Chloé, elle, vagabondait dans les rangées de livres. Tous aussi barbants les uns que les autres, elle se contenta de les feuilleter de temps à autre. Il y avait des rangées destinées à chaque royaume. Le royaume du Sud, de l'Ouest, du Milieu, du Nord... Et une étagère entière des terres et du royaume de l'Est. Tant d'histoires que Chloé ne connaissait guère. À côté étaient recensés chaque décret, chaque moment de vie de chaque Roi, chaque Reine, chaque Prince et Princesse depuis la création du royaume de Slemorean. " Qu'est-ce que ça doit être crevant d'être une princesse. Pour rien au monde je n'échangerais ma vie contre la leur. " pensa-t-elle tout bas. Sa remarque ne fut pas relevée.

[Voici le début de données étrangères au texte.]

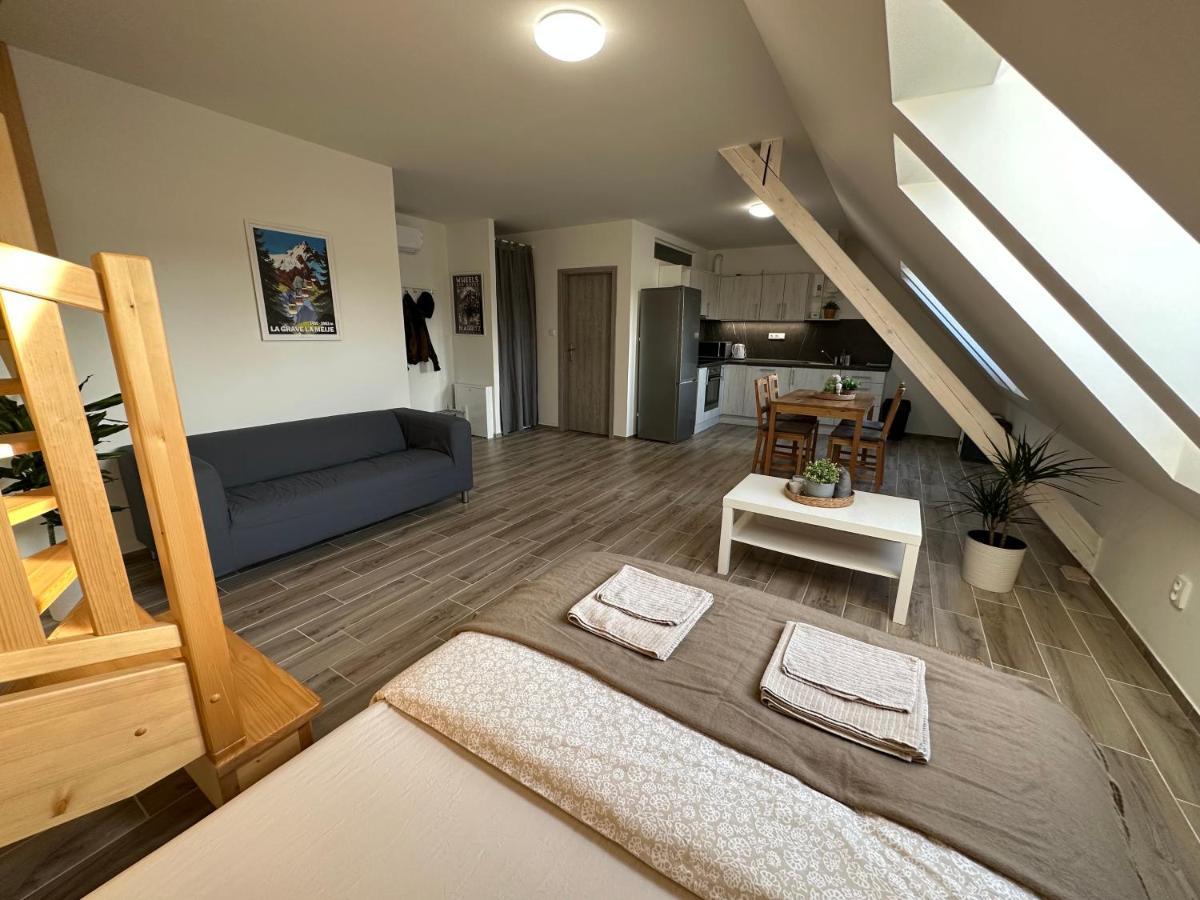 Apartmany Monastery Suites Zirec Dvůr Králové nad Labem Extérieur photo
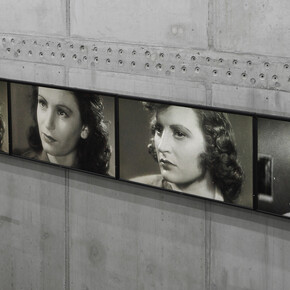 Un désir d’archéologie. Courtesy of Carré d’Art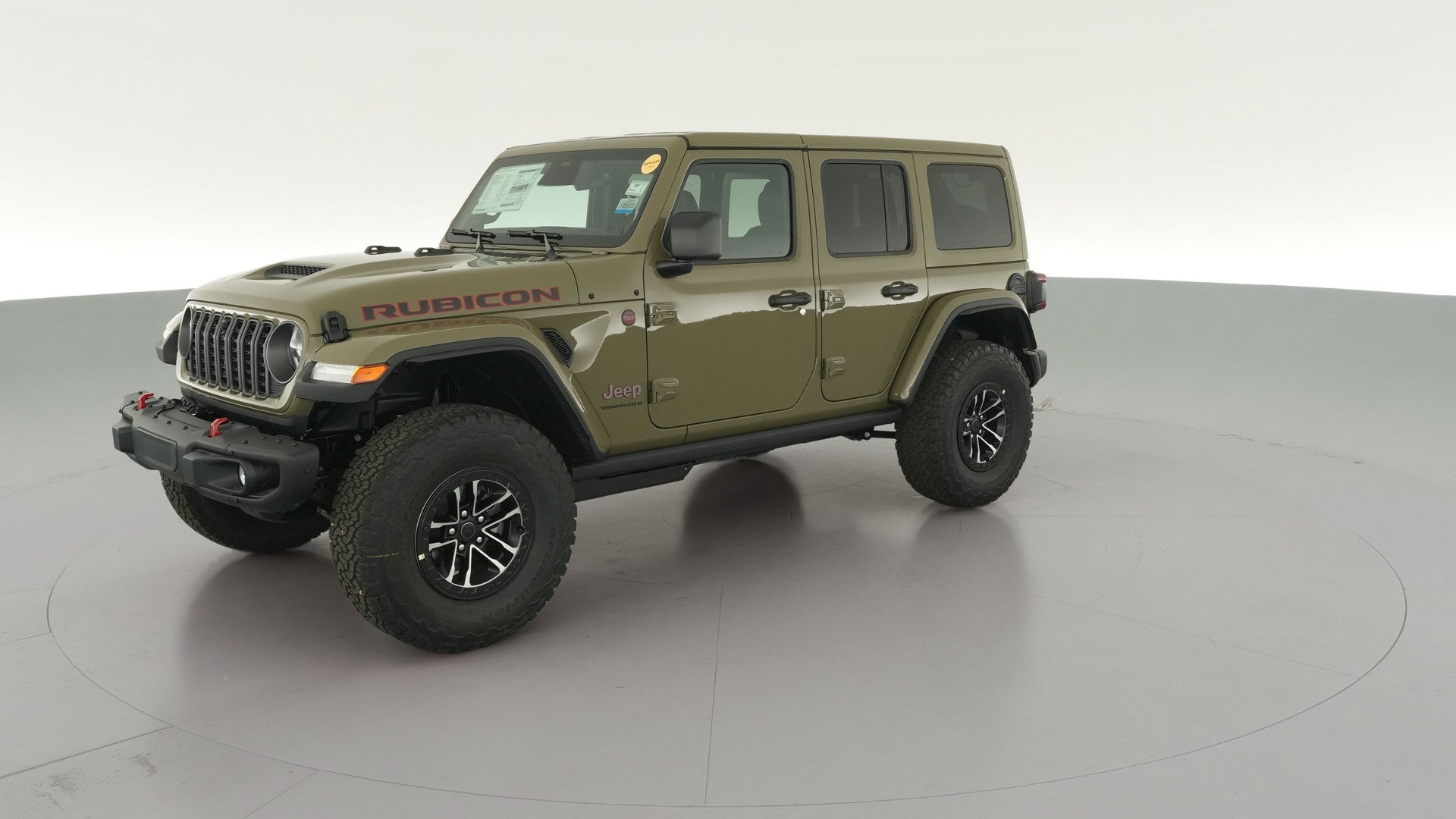 2026 Jeep Wrangler 4 Door vehicle photo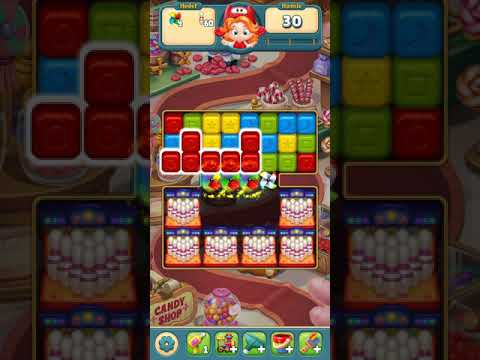 Toy Blast level 2128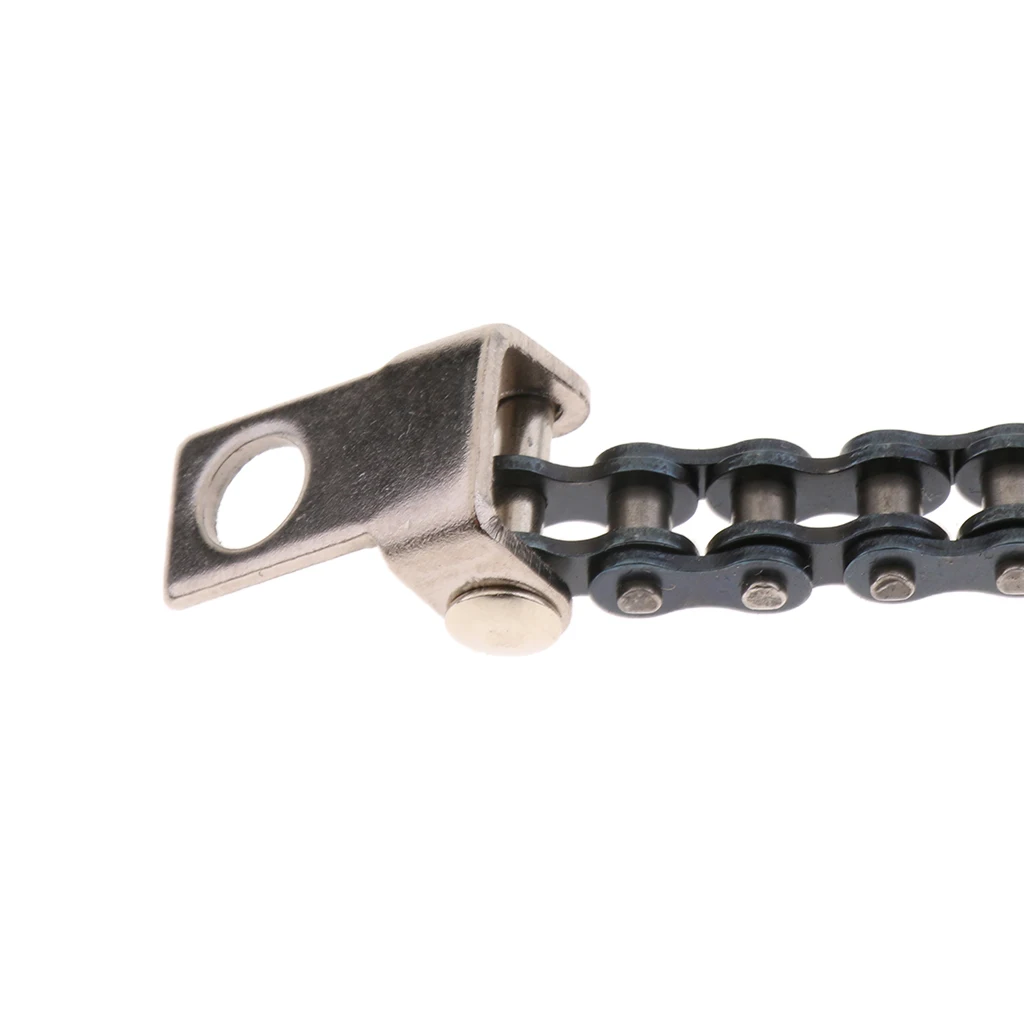 

Metal Link Strap Link Chain Drum Replacement Percussion Parts Drum Pedal Chain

Après bien deux bonnes heures d'écrits et de lectures, le prince BALMUND se mit à gémir légèrement dans ses soupirs. Sa tête était douloureuse et il avait beau masser ses tempes ou bien se tenir l'arrête du nez que la douleur ne s'estompait pas. Il avait l'impression que plus il luttait, plus il souffrait. Il laissa tomber le travail laissant rouler son beau stylo sur le papier.
— Est-ce que vous le sentez Sylas ? Dites-moi que vous le ressentez-vous aussi.
— Ressentir quoi ? demanda Chloé sortant de ses rêveries.
Sylas ne détourna pas son regard en direction de son employeur. Il se contenta simplement de répondre.
— Oui je le sens. Je le vois, même, avoua-t-il.